Task requirements
Pictures stay out. Everything else in the listing below gets written out exactly.
-------- Raw data
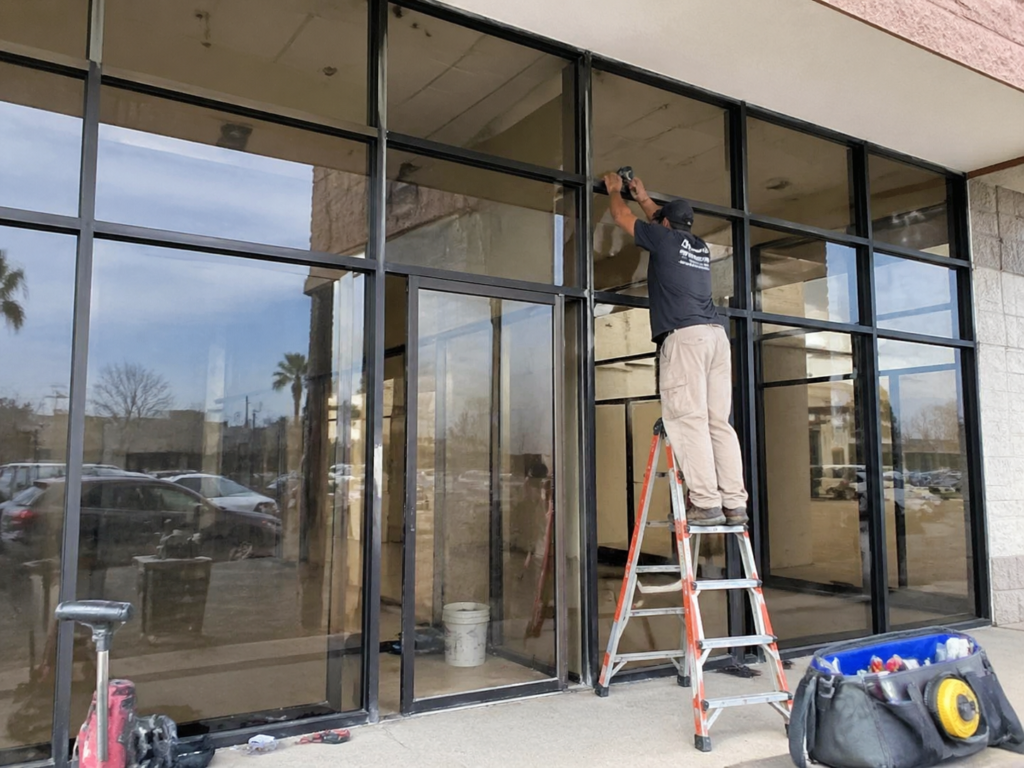 Commercial storefront glazing and aluminum entrance by Symmetry Glazing Systems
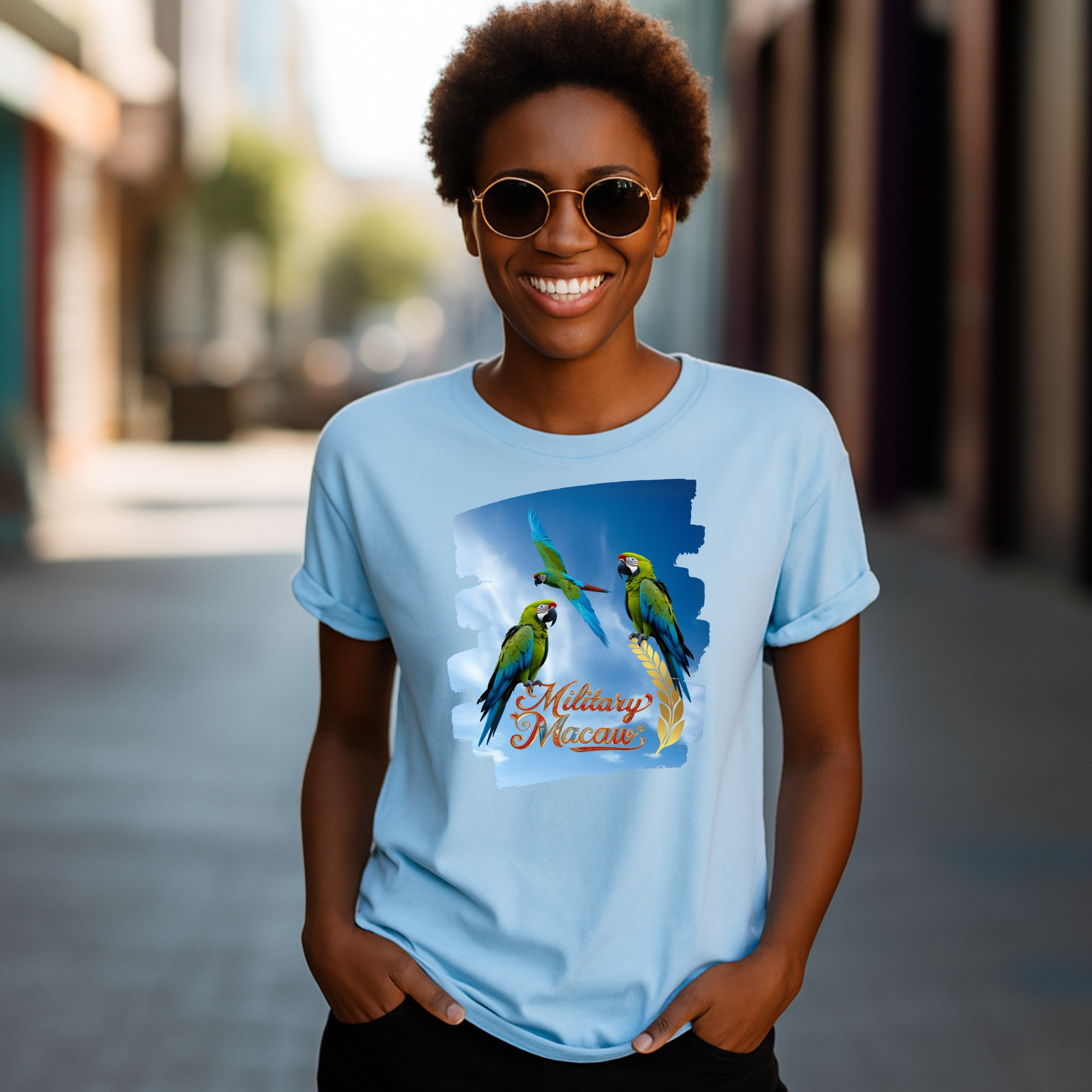 Flying Military Macaw T-Shirt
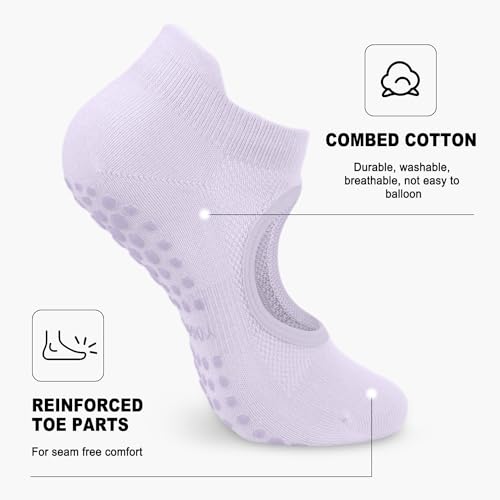 Non-Slip Pilates Socks for Women - Black, White, Green, Purple, Beige - 5 Pairs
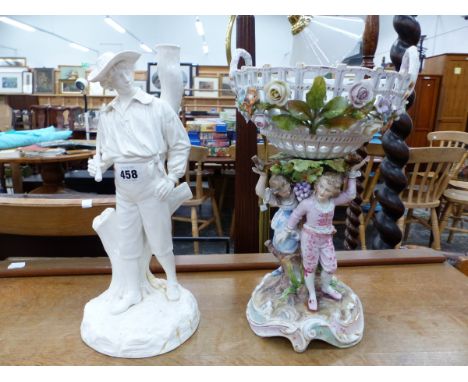 A ROYAL WORCESTER WHITE PORCELAIN LAMP BASE, TOGETHER WITH A GERMAN PORCELAIN FIGURAL BASKET ON STAND.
----------------
Answer to this task
 Commercial storefront glazing and aluminum entrance by Symmetry Glazing Systems
 Flying Military Macaw T-Shirt
 Non-Slip Pilates Socks for Women - Black, White, Green, Purple, Beige - 5 Pairs
 A ROYAL WORCESTER WHITE PORCELAIN LAMP BASE, TOGETHER WITH A GERMAN PORCELAIN FIGURAL BASKET ON STAND.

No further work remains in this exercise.